Matthias Weischer's interiors represent an extraordinary painterly feat: juggling the figurative, abstract and ornamental to create layers of objects in space. Playfully referencing art history - which all contemporary painting must inevitably do - either in the composition of the painting itself, as here, where the yellow curtain cannot help but evoke the memory of Yves Klein's exhibition at the Galerie Iris Clert in 1958, the walls bare but for a white curtain hanging in the corner, or David Hockney's colour drawings of the early 1970s with their suffused light suspending the image in time, or by including landmark works of contemporary art apparently floating in space - a Robert Gober leg here, a Brice Marden abstract there - as in his new paintings, recently on exhibition at the Museum der bildenden Künste Leipzig
His palette is a curious and seductive mix of intense, saturated colour, juxtaposed with the muted tones of a DDR council flat interior, possibly found in his adopted city of Leipzig. But this is no ordinary room. Rather than inviting the viewer to enter the pictorial space, the centre of the painting is dominated by the corner of a jutting wall, bare of ornament. The sense of theatre, of a stage set for action, present in all Weischer's paintings, is heightened here. The space is empty of human presence and activity but pregnant with expectation of action, the gaudy carpet and rug and the contrasting lushness of the yellow curtain presenting the viewer with the only poignant signs of life.

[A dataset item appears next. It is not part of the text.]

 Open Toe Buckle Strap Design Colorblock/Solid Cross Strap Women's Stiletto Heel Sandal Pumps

With the deliberate splashes and drips of paint splattered across the surface of the work, Weischer constantly reminds us of its painterliness, preventing any narrative reading or actual verisimilitude to comfort the viewer.

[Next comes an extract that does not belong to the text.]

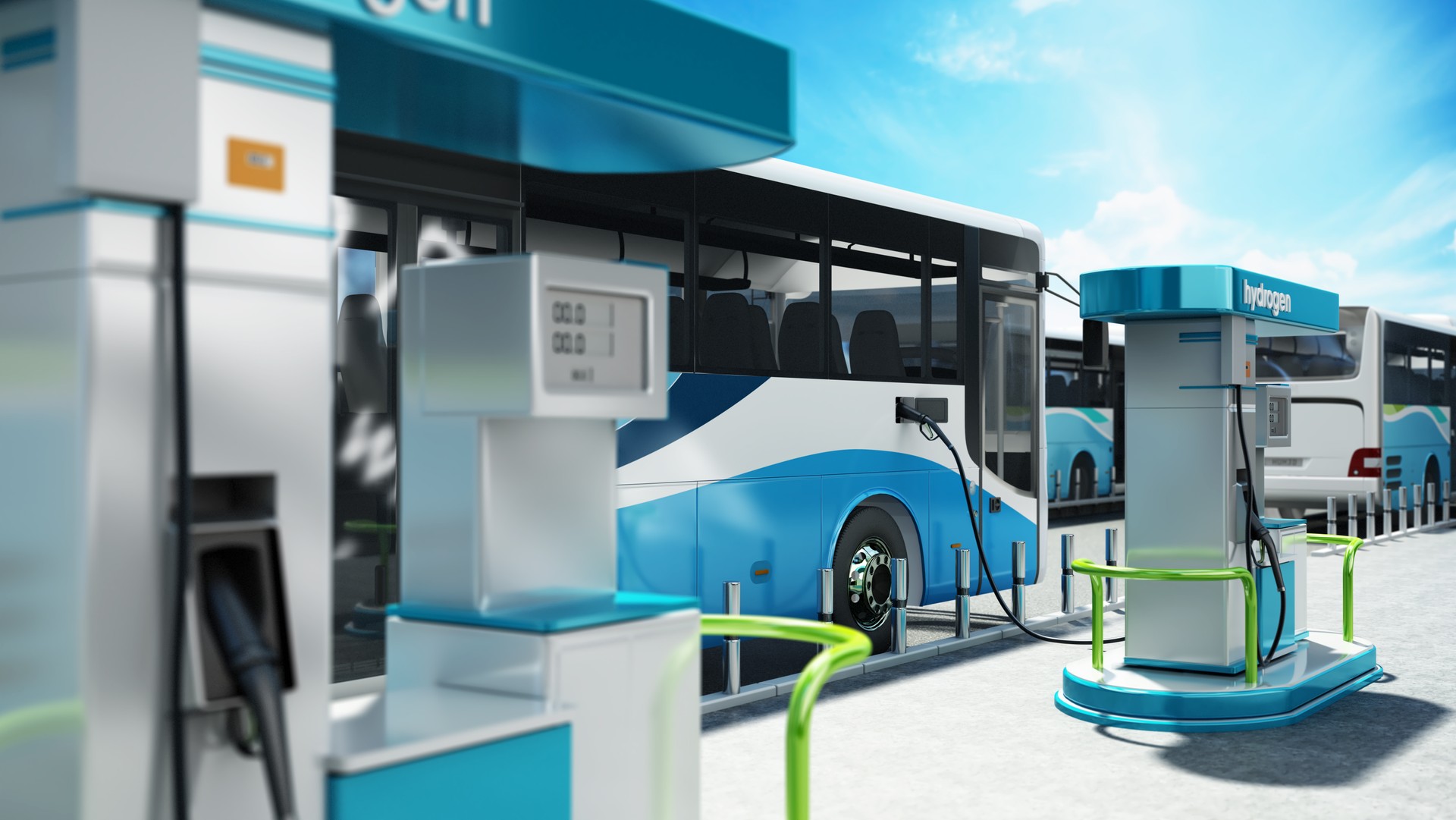 Hydrogen powered city bus in hydrogen fuelling station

The pervasive mood of Untitled is one of stillness but not tranquillity - light infuses the painting from beyond the curtain, but what should be a window is painted flat, implying a closed space with no aperture. Where a classical painter would struggle to create illusionistic light, Weischer turns this painterly device on its head, tricking the viewer and infusing the work with the artifice of stage-lighting. The lush painterly surface hypnotises and seduces the viewer, making it hard to tear one's eyes away, but the painting itself remains ultimately mysterious and unknowable.